If I haven't put it out there already, I absolutely adore my boyfriend. He lifts, he cooks, and on top of everything, he knows how I like my coffee and eggs in the morning. I giggle at the idea of having cooking nights with him, while catching up on the latest episode of Suits. I also giggle at the idea of me coming home with groceries and preparing him a meal for once. That's also me giggling at an idealistic Khanh. Realistically, I couldn't envision a future where I had to put on an apron every night, wait for my partner to come home, and be completely happy with my life. I always had the thought of, well if I worked hard enough, I wouldn't ever have to worry about how the meal gets on the table. It'll be there when I get home. My concentration is less on my culinary skills or lack thereof but more on what I can do to further my talents, contributions and performance in a professional setting.
I feel all sorts of pressure but it mainly stems from the very fact that I so badly want to make my parents proud. While their wishes for me include settling down, finding a good husband, having a stable life and job, the ones I have for myself are extremely different. I want a partner that can challenge me, a life that is constructed with series of losses and wins, and a career that can sometimes be all too consuming but equally gratifying.

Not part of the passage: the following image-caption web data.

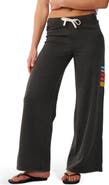 Rip Curl Surf Revival Wide Leg Fleece Pants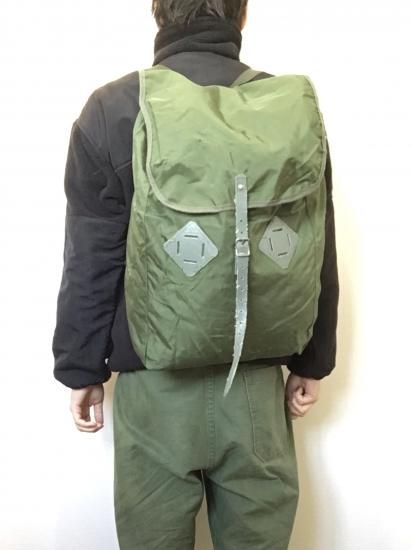 スウェーデン軍 バックパック (USED) - KITAYA Online Store スウェーデン軍 バックパック (USED) - KITAYA Online Store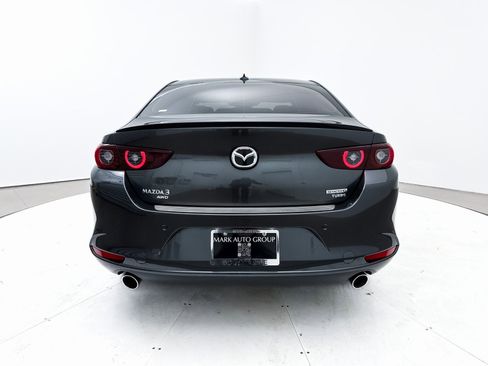 Certified 2024 MAZDA MAZDA3 2.5 Turbo Sedan w/Premium Plus image 21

Old me would have immediately wanted to apologize to my parents and my boyfriend for not knowing how to cut a watermelon and/or making something aside from cup ramen. But after writing all of this down, I figured it's better to have a healthier and more open approach and who's to say I can't perhaps learn how to cook killer meals while slaying every new professional venture? We'll see how it goes. Let's keep our fingers crossed and hope that I don't burn the house down.